Now I can size the column tubes appropriately. I'll use the following formula for this calculation: shear stress =
Tr / Ip. I need a worst case torque through our system, so I will assume improper use of the steering wheel and
say that the max torque is a 150 lb person putting their full weight on the edge of the steering wheel. This gives
a torque of approximately 66.67 lbf-ft, and I'll approximate this to 70 lbf-ft). I realize this is likely a heavy
over-estimate, but the fact that we can only acquire tubes with discrete wall thicknesses lessens the extent of
weight gain. I'll opt with steel 4130 for now as our material (due to its yield strength and our team's familiarity
with it). This calculation gives me the following:
OD / (OD^4 - ID^4) ≤ 8.484
I also want to minimize mass, so I need to minimize OD^2 - ID^2. I've plotted failure metric vs weight
metric to the right. Point 4 corresponds to a tube of outer diameter 0.75" and inner diameter 0.68". However, I
calculated the bearing stress due to the bolt connection through the column, and the tube currently fails. Now
I'll increase inner diameter in discrete sizes until the tube doesn't fail. The new inner diameter is 0.652" (this
is point 8 on the scatterplot).
I repeated this process for the upper column, but we introduce a bending moment on the upper column. Therefore, I sized the upper column assuming a load of 150 lbf (driver weight) at the steering wheel. This accounts for a typical driver accidentally putting their full weight on the wheel. I then ran fea applying a force of 150 * 2 = 300 lbf on the upper column, directed horizontally. This should account for the force that arises from 2g decel, assuming the driver's full weight ends up on the steering wheel (also worst case).

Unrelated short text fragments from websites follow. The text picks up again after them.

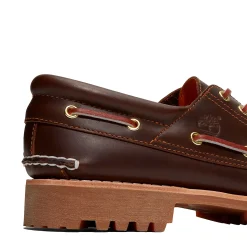 Sko<Timberland Authentic 3-Eye Lug Boat Shoe Brown Sko Mørkebrun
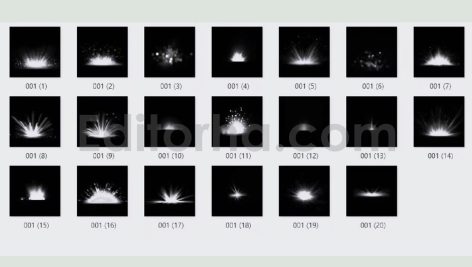 دانلود ۲۰ براش فتوشاپ نور شگفت انگیز Mystery light photoshop digital brushes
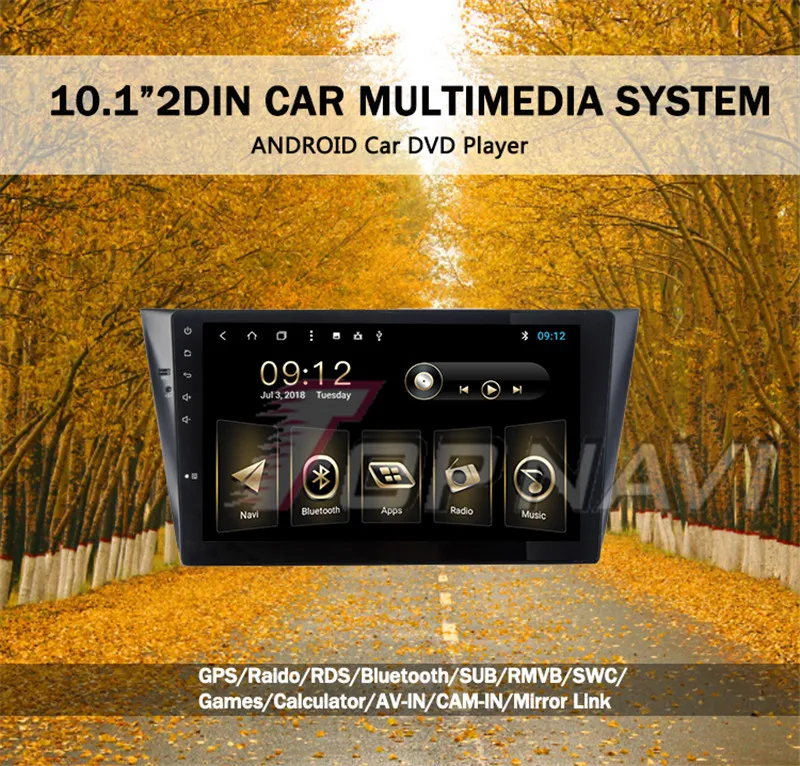 car android player For VW Bora 2016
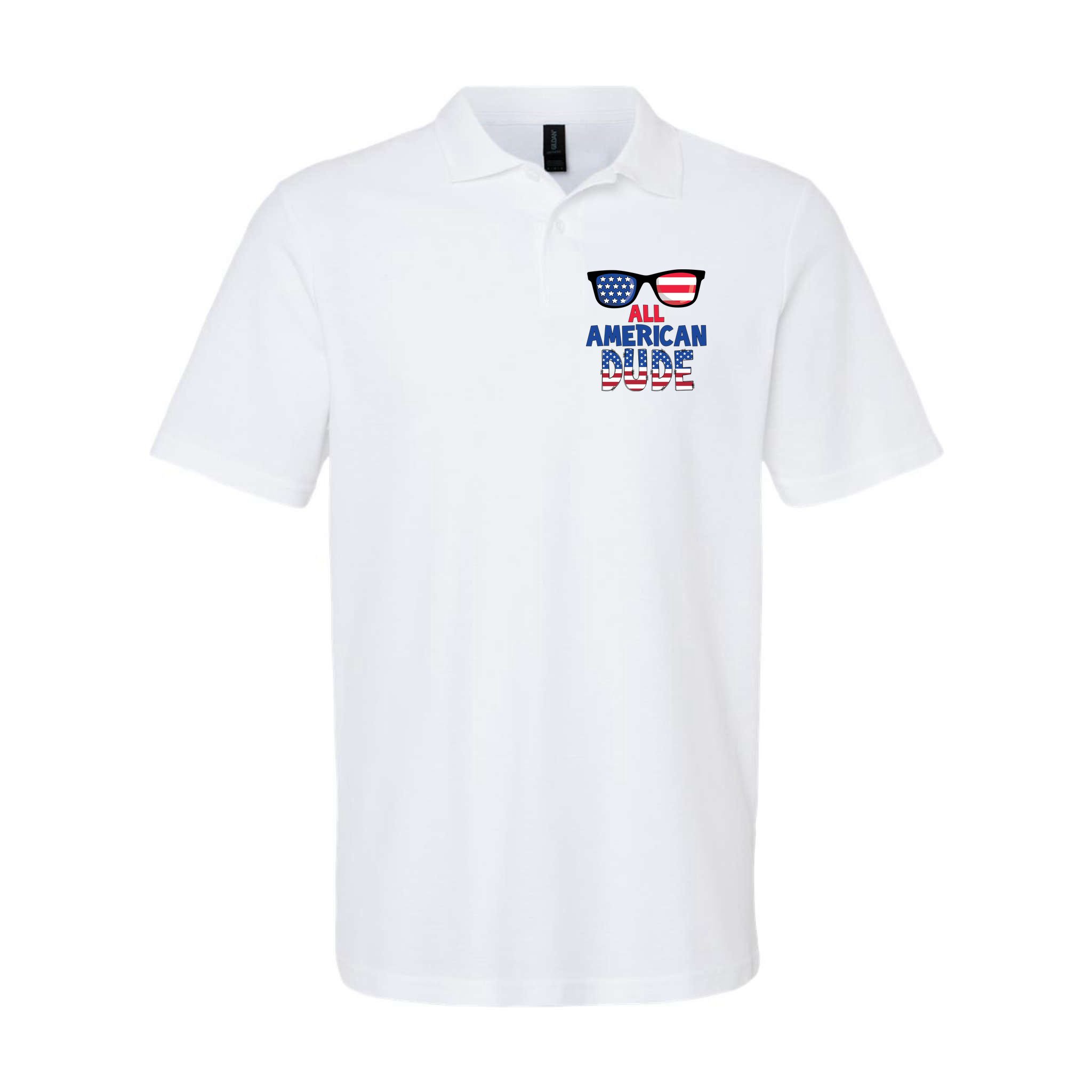 All American Dude 4th Of July Polo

I now know the torque throughout the steering system, so I can select universal joints that meet my requirements. Note that I will use Misumi to source these u-joints, as they have highly adjustable components and in-depth data sheets. I've gone ahead and located a potential model (the standard model made by Misumi). I'll start at this arbitrary point and look at the selection criteria from the data sheet, listed to the right:
Using the given formula, I'll approximate an arbitrary rotational speed as 60 rpm (1 revolution per second). This is technically intermittent speed rather than continuous, but it'll give us a worst case scenario. Our u-joint angle is 25 degrees, and the torque is 70 lbf-ft (95 Nm). This gives a condition variable of 142,500 and a corrected rotational speed of 109.2 rpm. I've selected a u-joint with a condition variable of 175,000 and an allowable rotational speed of 900 (UNCA16). I've now implemented two of these into the design.